REQUIRED ACTION> Down to the final line, write out the data below exactly.

DATA EXCERPT>
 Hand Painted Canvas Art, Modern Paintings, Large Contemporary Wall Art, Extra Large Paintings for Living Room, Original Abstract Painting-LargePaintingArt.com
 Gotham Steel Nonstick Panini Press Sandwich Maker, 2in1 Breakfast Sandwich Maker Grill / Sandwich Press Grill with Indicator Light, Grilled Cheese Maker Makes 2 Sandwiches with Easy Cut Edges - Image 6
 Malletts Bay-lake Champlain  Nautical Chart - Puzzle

REPLY TO THE TASK>
 Hand Painted Canvas Art, Modern Paintings, Large Contemporary Wall Art, Extra Large Paintings for Living Room, Original Abstract Painting-LargePaintingArt.com
 Gotham Steel Nonstick Panini Press Sandwich Maker, 2in1 Breakfast Sandwich Maker Grill / Sandwich Press Grill with Indicator Light, Grilled Cheese Maker Makes 2 Sandwiches with Easy Cut Edges - Image 6
 Malletts Bay-lake Champlain  Nautical Chart - Puzzle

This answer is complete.